#### What needs to be done:
Write out the whole listing exactly; no images belong in it.

#### Source material:
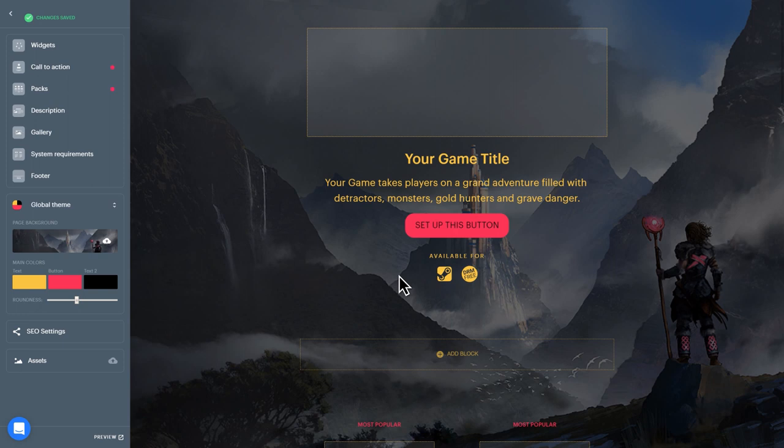OK, now we're ready to start laying out your page. First, configure the global theme.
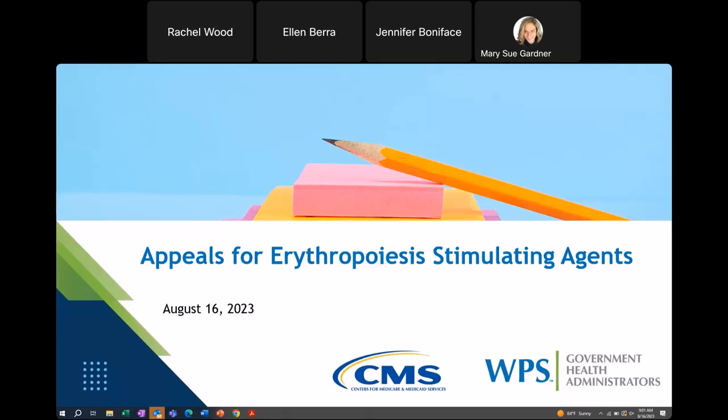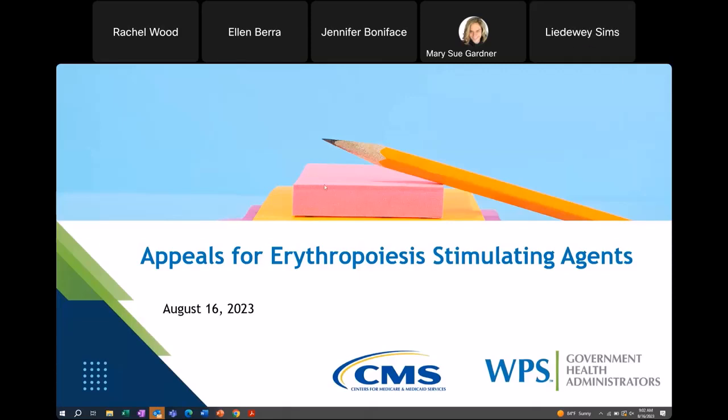Regarding materials for this webinar, those were available and sent through the WebEx platform. Additionally, we did send an email out this morning that included those slides, so if you were registered prior to today's event, those were sent out around 7 a.m. To receive the Certificate of Achievement for today's webinar, all you have to do is stay on for the entirety. I'll talk a little bit more about that in our closing slides.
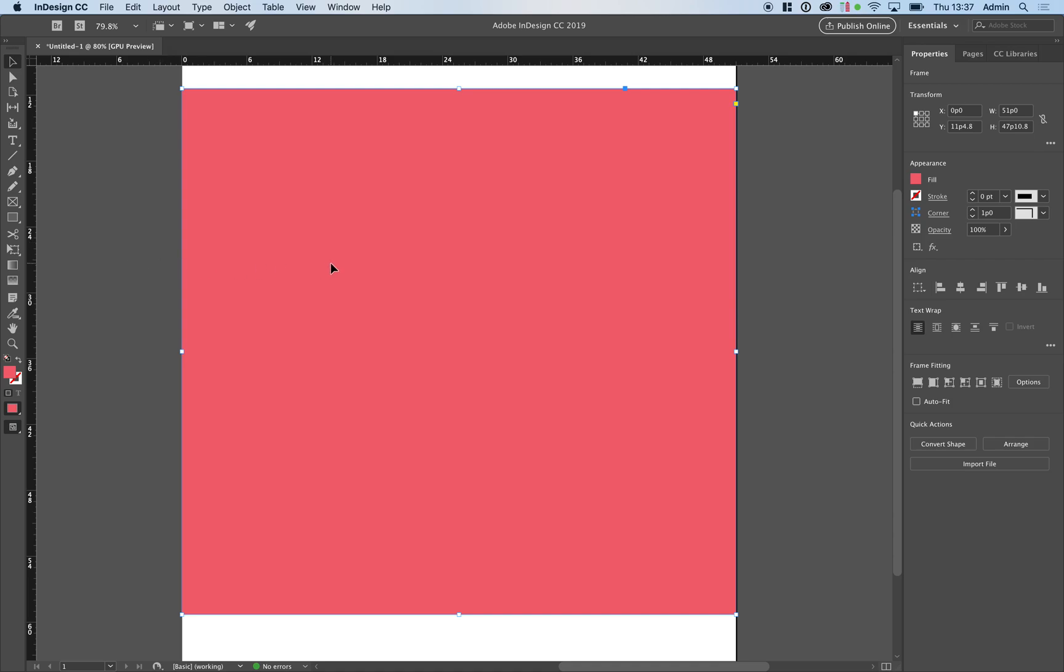Hi there, in this video I'm going to show you how to create a noise texture directly within InDesign. First create a text box or a frame and fill it with your desired color.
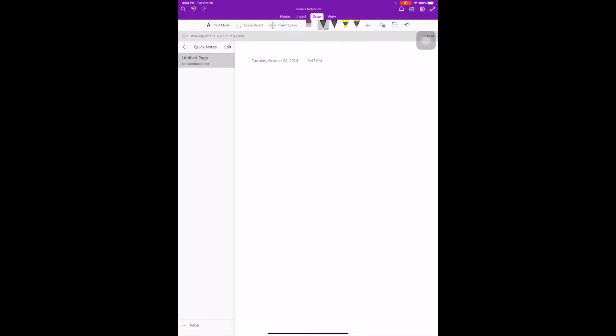I'm gonna start by drawing a heart. It's not gonna be the exact replica of a heart — I'm literally just going to draw a heart. We all know anatomically that is not what the heart looks like, but I'm just doing a stick version of it to help you get through the process.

#### Completed task:
OK, now we're ready to start laying out your page. First, configure the global theme.
Regarding materials for this webinar, those were available and sent through the WebEx platform. Additionally, we did send an email out this morning that included those slides, so if you were registered prior to today's event, those were sent out around 7 a.m. To receive the Certificate of Achievement for today's webinar, all you have to do is stay on for the entirety. I'll talk a little bit more about that in our closing slides.
Hi there, in this video I'm going to show you how to create a noise texture directly within InDesign. First create a text box or a frame and fill it with your desired color.
I'm gonna start by drawing a heart. It's not gonna be the exact replica of a heart — I'm literally just going to draw a heart. We all know anatomically that is not what the heart looks like, but I'm just doing a stick version of it to help you get through the process.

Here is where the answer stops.